Does anyone know what happens if you receive a compensation payment - but after being discharged from bankruptcy.

Normally any windfalls such as winning the lottery are yours to keep once discharged from bankruptcy - even if involved in a Income payments order for another 2 year.
But in this instance due to  the fact that the compensation is for an event that occurred before BR, albeit with the windfall received after BR, what happens?
(Also - may I add the bank involved was the sole creditor in BR.)

I do know that the assignee is treating compensations for redress different to normal windfalls due to the unique nature of the circumstance. (A family member received a payment during BR and was allowed keep 70% of it)

Also - I've seen the below link whereby it was split 70/30 where the assignee gets 30%. But it is not clear if this is when those individuals were in their bankruptcy year when they received their compensation - or if they were out of BR. My query is for when you receive the compensation after being discharged from BR.

https://www.irishtimes.com/business...tomers-awarded-tracker-compensation-1.2734141

And as an additional query - the above article suggests that they got compensation for being declared BR. IS that a legal precedent there meaning that all BR people who got tracker redress should also be entitled to additional compensation on the basis they went BR?


----------



## Jim Stafford (15 Jun 2018)

Technically, 100% of the redress amount should go to the OA, as the "breach of contract" claim existed at the beginning of the bankruptcy.

in respect of Compensation, the OA adopted a _"fair_" approach and allocated 70% towards the "Personal Injury" component. Personal Injury proceeds belong to the bankrupt and not the OA.

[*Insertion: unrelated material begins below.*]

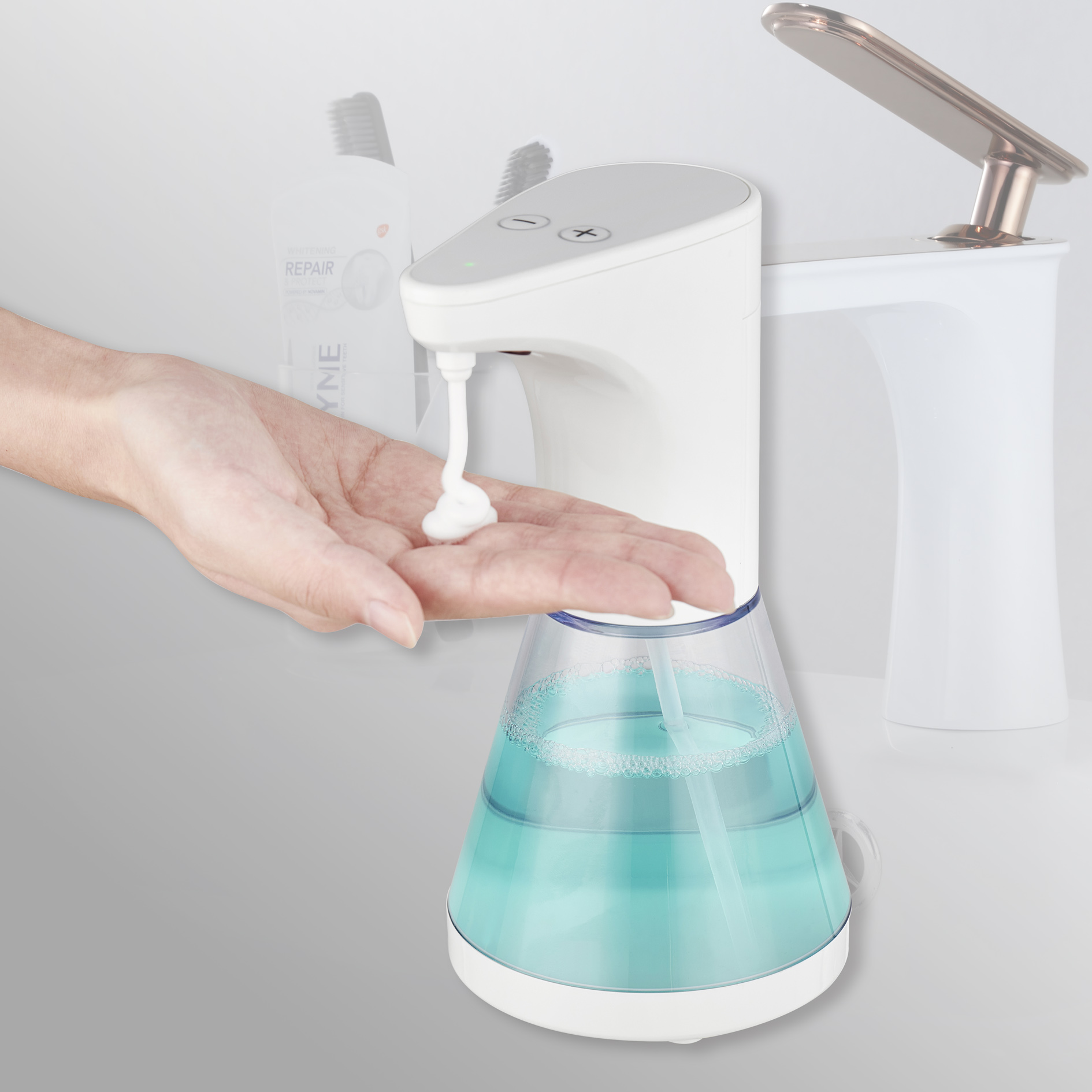 Automatic Soap Dispenser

if the breach of contract was the major contributory cause to a person's bankruptcy, then the compensation should reflect that. If the bank was your sole creditor, the big question then is why did you go bankrupt and not do a PIA?  if your PIP advised you (and if he was correct in his advice!) that a PIA was unsustainable, then I could not see how you would be entitled to additional compensation.

Jim Stafford


----------



## zxcvbnm (15 Jun 2018)

Thanks Jim.

And as a final query- what if compensation is received before BR. Does all of it have to be given up in BR? Or would you be allowed keep 70% of said funds from compensation seeing as that is what happens in BR anyway?


----------